In the interest of keeping everyone warm this winter, we've put together the following guide.

Which wood is good?

Mid North Coast firewood supplier, Sam Atkins of Camden Haven Hardwood, said he most commonly sourced a mix of blackbutt, bloodwood and red gum from the region, with some ironbark mixed in.

He believed it was ideal to have a combination of fast-burning and slow-burning timber in order to get your fire going well and to regulate the temperature.

"Blackbutt isn't the hottest-burning wood, but it's quite easy to light, so it's good to mix with slower-burning timber like bloodwood and red gum," he said.

He also advised it was important to consider the size of your home, with smaller places not needing as much slow-burning timber because the space warms up quicker and retains heat more readily.

Each species has its own characteristics of burning rate, flame, coal and ash generation, which mainly relate to wood density and the chemical composition of tannins.

Firewood Association of Australia

What to consider when buying?

A quick online search reveals most firewood sellers in the area sell for between $70 - $120 a load, but how this load is measured can vary and also lead to people getting ripped off.

Firewood Association of Australia general manager, Dane McGreevy, advised that buyers needed to be careful here as there were some dodgy operators out there.

"If people don't want to get ripped off, ask how they're measuring it.
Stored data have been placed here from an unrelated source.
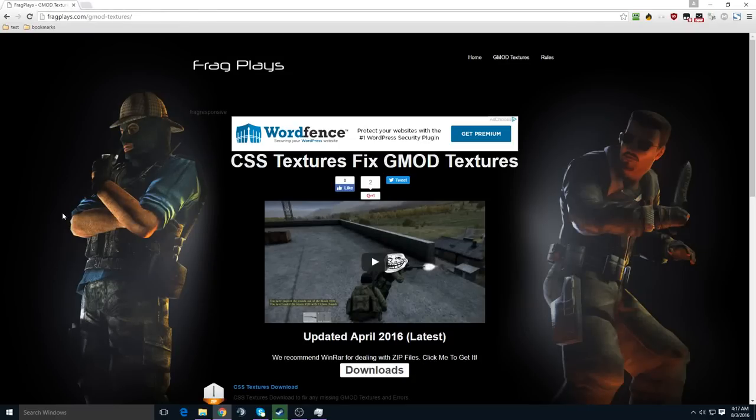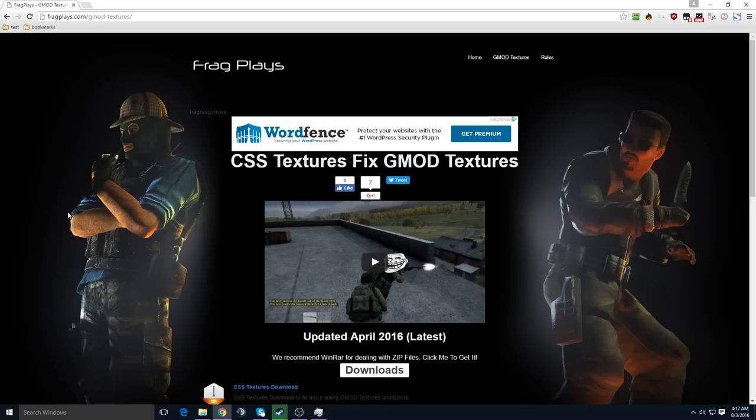This video is going to be very short and to the point. If you're having purple or black meshes or error signs where players should be in Garry's Mod, you're missing Counter-Strike Source textures, and you don't need to own Counter-Strike Source for this.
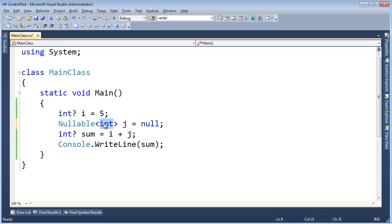It could be char, could be double, could be any struct you make, could be built-in structs like the date time, any value type. It just says nullable like this.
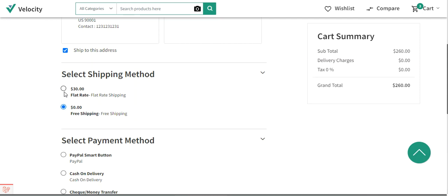If you have set the shipping charge as per unit at $10, then if there is one item in the cart the shipping charge will be $10, if the quantity is two units the shipping charge will be $20, and so on — depending upon the quantity, the respective shipping charges would be applicable to the particular order.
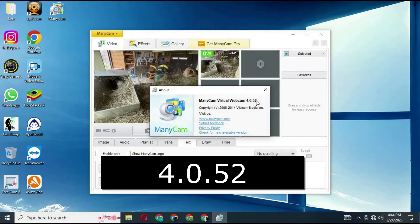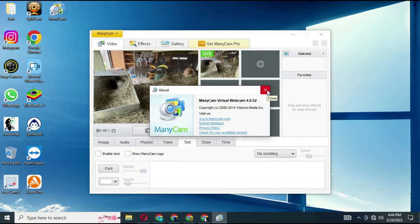Only Minicam version 4.0.52 can remove the watermark for free. You can easily find it by Google searching.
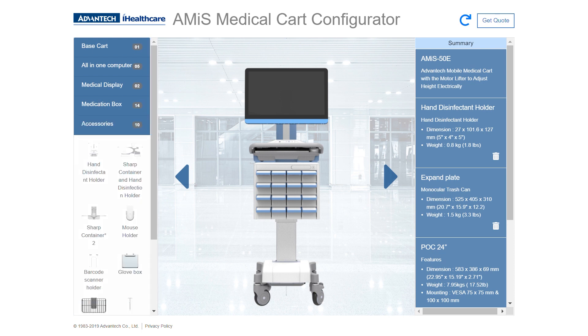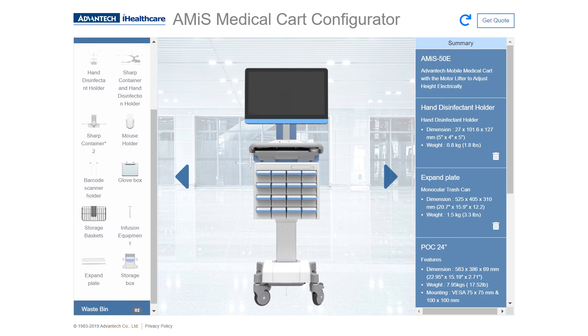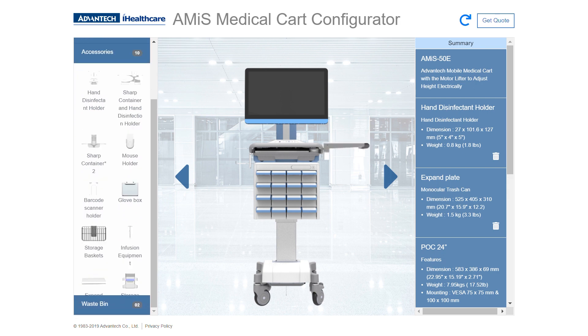Next, let's add some accessories. For example, a hand disinfectant holder — let's put that on the left. And let's say you want a little more real estate; let's add an expansion plate on the right.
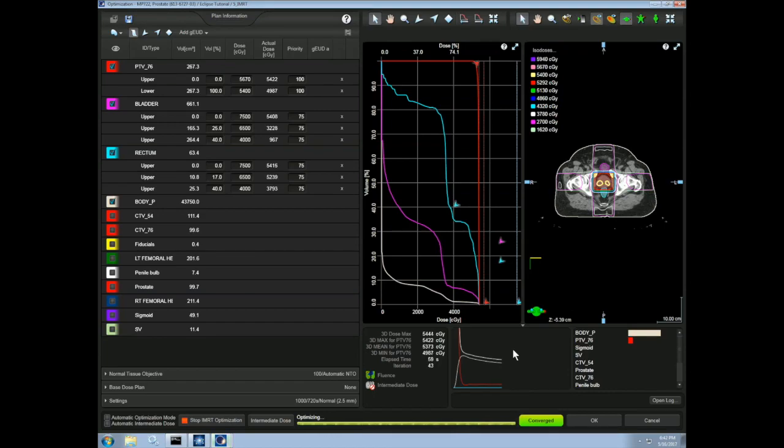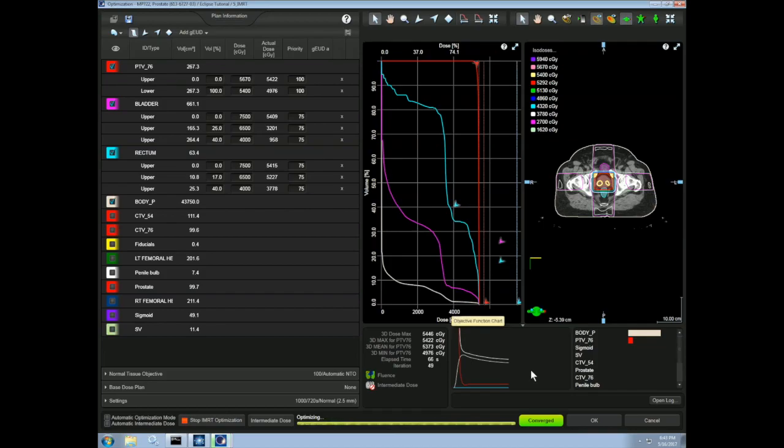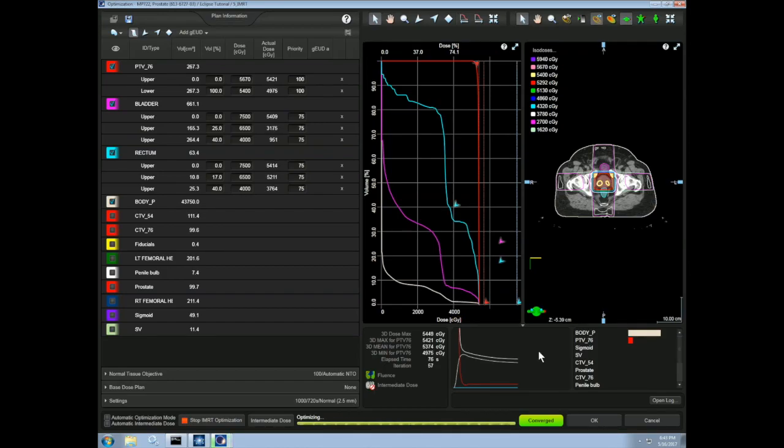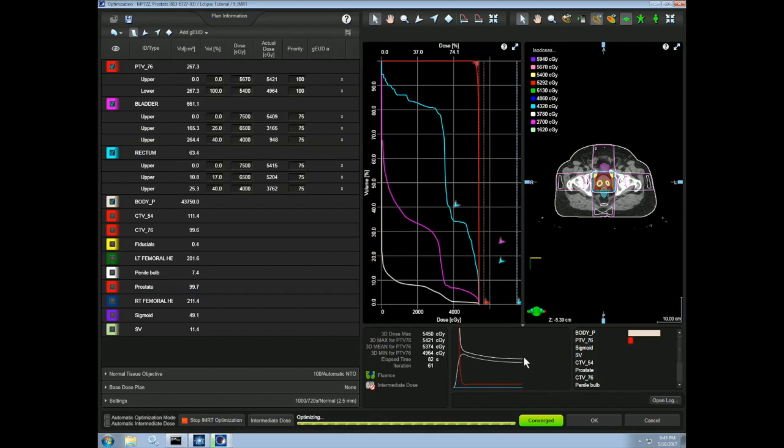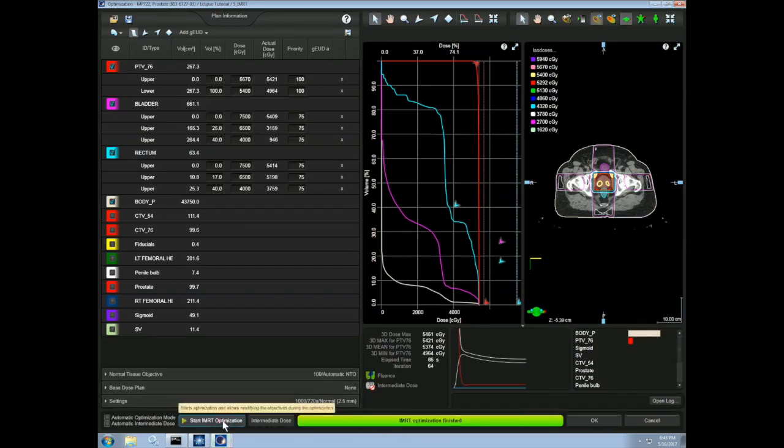We can also drag and drop the constraints to tweak our optimization in real time. But for now, let's just leave them alone. As you see, our cost function has leveled out for each structure. So let's stop the IMRT optimization. Select OK.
A lot of sellers will say they're selling a cubic metre and it's nowhere near it," he said.

"Make sure you know the quantity you're actually buying."
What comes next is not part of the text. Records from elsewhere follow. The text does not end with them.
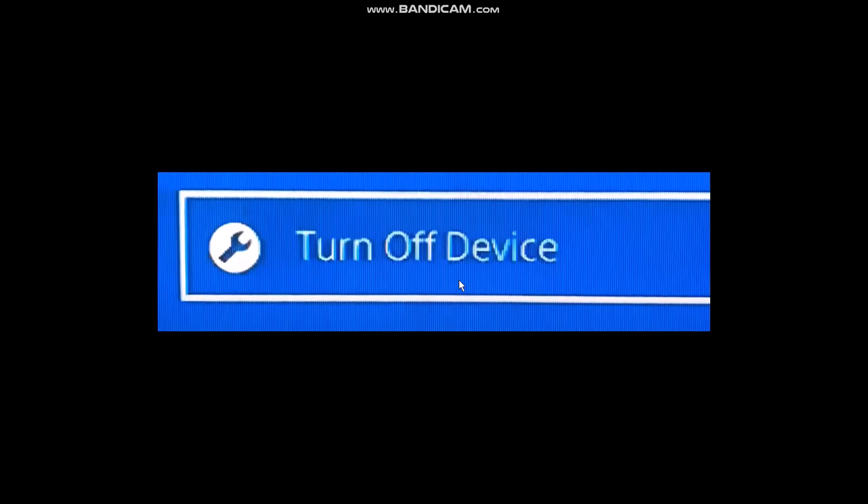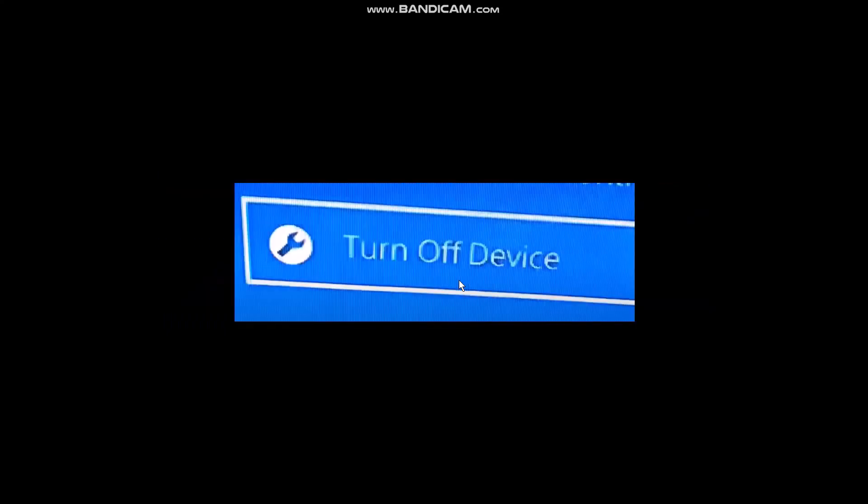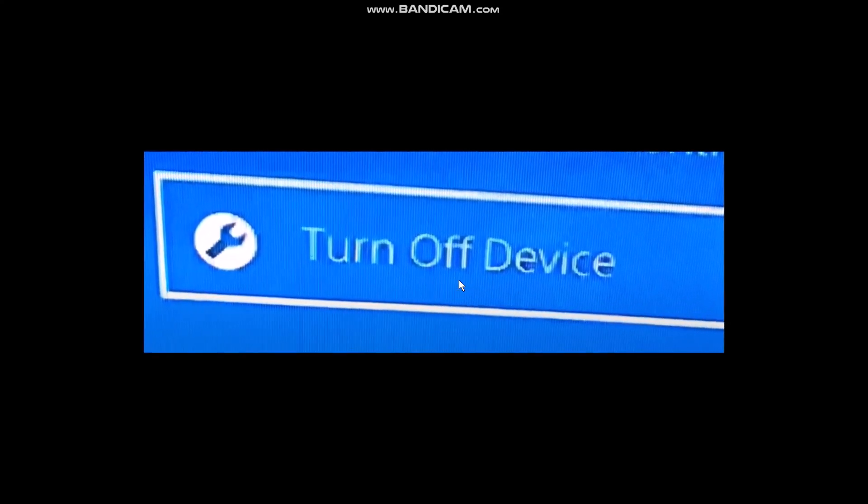Once you do that, the next thing that you need to do is connect your second device. Once you connect your second controller or your device, then what you need to do is turn that device off once again. Simply select the option turn off device and then select your second controller.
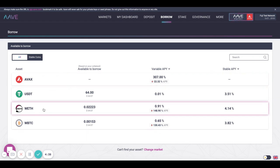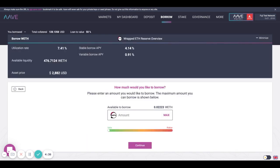In this case, we'll select wrapped ETH. Then input the amount that you'd like to borrow. In this case, we'll do 0.001.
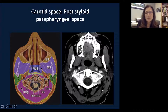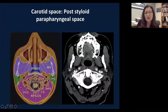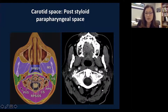The parotid space is medial to the masticator space, and also includes the mandible. The facial nerve runs through the parotid gland, exiting from the stylomastoid foramen. There is a retromandibular vein and also a bunch of external parotid lymph nodes within the parotid gland.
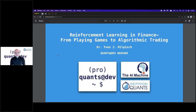Hello everybody and welcome to this first webinar in a series of webinars on reinforcement learning and finance. You might be aware that we recently started a community effort called Quants at Depth, targeted primarily towards quant developers — whatever this might entail in practice. Quant developers can be found in different functions, departments, and companies around the globe, primarily in the financial domain. I'm the founder and CEO of The AI Machine as well as The Python Quants, and I'm also the initiator of the Quants at Depth group.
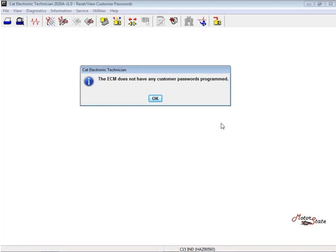If the factory passwords are needed, CAT ET will request the factory password. CAT ET will display the information that is required to obtain the factory password, as figure 1.1 above.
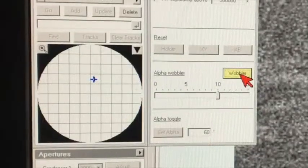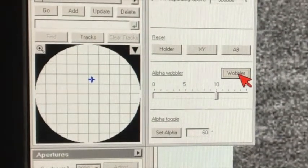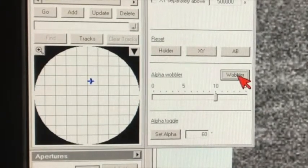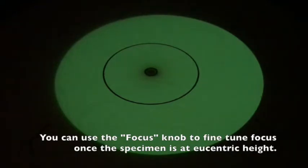We know that the specimen is at its right eccentric height. To deactivate the wobbler, just click on the wobbler button and the stage now stops rocking. When the specimen is set at the right eccentric height and the focus is set correctly, the contrast of the specimen is minimized. We're actually looking at part of the specimen, but the contrast is terrible and we cannot see the microstructural features.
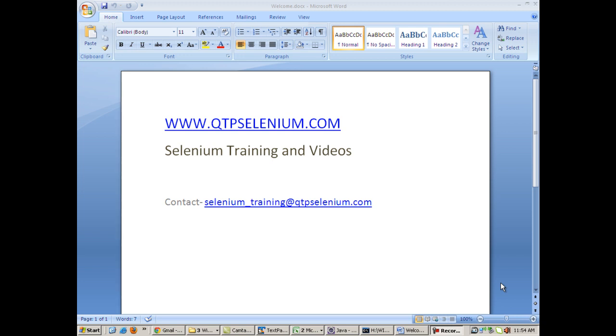Hello everybody, welcome to Selenium training. Today we will be talking about XPaths - what XPaths are, how they are used, why they are important, and how Selenium can work with XPaths.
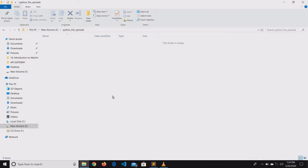Hi all. Welcome to my channel. Here we are discussing about uploading a file or multiple files using Flask. Let us quickly dive into the source code.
The National Measurement Institute provides a guide to how firewood should be measured and sold.

Another thing to consider is how dry, or seasoned, the timber is.

"The drier the wood is, the better it will burn," the Forestry Corporation of NSW advises.

"Wood with a high moisture content is more difficult to ignite and may produce more smoke and heavy deposits in chimneys and flues."

Mr Atkins said on the Mid North Coast, timber with a high moisture content generally needed to be split and left to dry out for a year before it was good to burn.

Know what you're getting before you buy it.

Know what you're getting before you buy it.

A final point of consideration is to be careful who you're buying from.

Mr McGreevy said while there were a lot of itinerant and online sellers offering firewood at a cheap price, there was no recourse available to people if these sellers ripped them off.

He said it was safer to buy from a firewood yard or a seller registered with the FAA, where they were held to a code of practice.

And if neither of these options are available, at least request a photo of the size of the load you're getting.

Make sure your heater is in working order

The Australian Home Heating Association advises wood heaters should be serviced yearly.

The condition of the flue, door seals and baffles should all be checked.

Creosote and resin - substances that form as a result of solid fuel combustion - can cause flue fires if they're left to build up.

The AHHA also advises to regularly look outside and check your flue for smoke.

"If it is smoking excessively, you are wasting fuel and heat and may be causing unnecessary emissions," their website says.

"You need to increase the air supply to the fire. A little air avoids a lot of smoke."

And finally, if you're renting a property, it's worth checking when the fireplace was last serviced or cleaned, as it's your safety that could be at risk.